Leven vanuit inspirerende waarden.
Psychiaters, verpleegkundigen, psychotherapeuten maken vaak op basis van waarden keuzen die voor hun cliënten verregaande gevolgen hebben. Deze man is zo emotioneel labiel dat we hem best ‘arbeidsongeschikt’ noemen. Voor deze vrouw is het beter dat ze ontslagen wordt uit de psychiatrische kliniek en in haar gezin meedraait. Beide partners van dit koppel zouden best afzonderlijk in individuele begeleiding. Deze beslissingen berusten meestal op een klinisch pragmatisme d.w.z. dat men daarbij de waarden volgt van het heersende sociale systeem of van het therapeutisch subsysteem waarin men werkt. Men meent waardenvrij te handelen.
Iedere mens heeft o.i. recht op een begeleiding die verloopt volgens zijn eigen waarden en die zijn eigen levensinspiratie respecteert. Wil de cliënt kunnen achterhalen of de door de begeleiders voorgestane waarden stroken met de zijne, dan dienen deze waarden zoveel mogelijk verwoord te worden. De cliënt moet, indien gewenst, mee kunnen oordelen over de vraag naar de zin en de betekenis van een begeleiding.
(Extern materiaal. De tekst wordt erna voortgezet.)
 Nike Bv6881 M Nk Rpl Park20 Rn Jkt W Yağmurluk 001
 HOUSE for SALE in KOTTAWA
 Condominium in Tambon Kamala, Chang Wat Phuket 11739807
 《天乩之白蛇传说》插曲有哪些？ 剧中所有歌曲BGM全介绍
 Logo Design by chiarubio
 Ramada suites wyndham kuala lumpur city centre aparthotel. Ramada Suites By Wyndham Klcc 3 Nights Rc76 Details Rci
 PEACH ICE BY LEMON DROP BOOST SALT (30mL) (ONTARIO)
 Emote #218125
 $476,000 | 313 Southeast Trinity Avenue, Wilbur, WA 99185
De psychotherapeut zal misschien antwoorden dat bij hem niet het door de cliënt subjectief beleefde wel of niet zinvolle van een begeleiding vooraan staat, maar het effect ervan, effekt dat volgens wetenschappelijke maatstaven meetbaar moet zijn. In de controverse tussen beide stellingen kiezen we met KISCH de zijde van het voor de cliënt persoonlijk waardevolle. “Als psychotherapie heden ten dage te rechtvaardigen is, dan is dit op basis van de voor het individu ervaarbare en waarneembare zinvolheid, niet op basis van zijn meetbare effectiviteit”.
Staan waarden vooraan, okee, maar wélke waarden dan? Er zijn algemeen menselijke waarden waarover iedereen het eens zal zijn, en die men ook in alle handleidingen van moraal kan aantreden. Maar er zijn ook waarden die specifiek eigen zijn aan kerkgenootschappen, levenbeschouwelijke groepen (b.v. antroposofen), of individueel-persoonlijke visies. Hierin wil ik duidelijk onderscheid maken tussen:
- de overtuigingen, credo’s, geloofsinhouden waarmee men het bestaande meent te kunnen ordenen tot een overzichtelijk geheel van waarheden ;
- de inspiratie, de bezieling, de overgave van waaruit men leeft, het levensengagement dat ons voelen en denken en handelen richt.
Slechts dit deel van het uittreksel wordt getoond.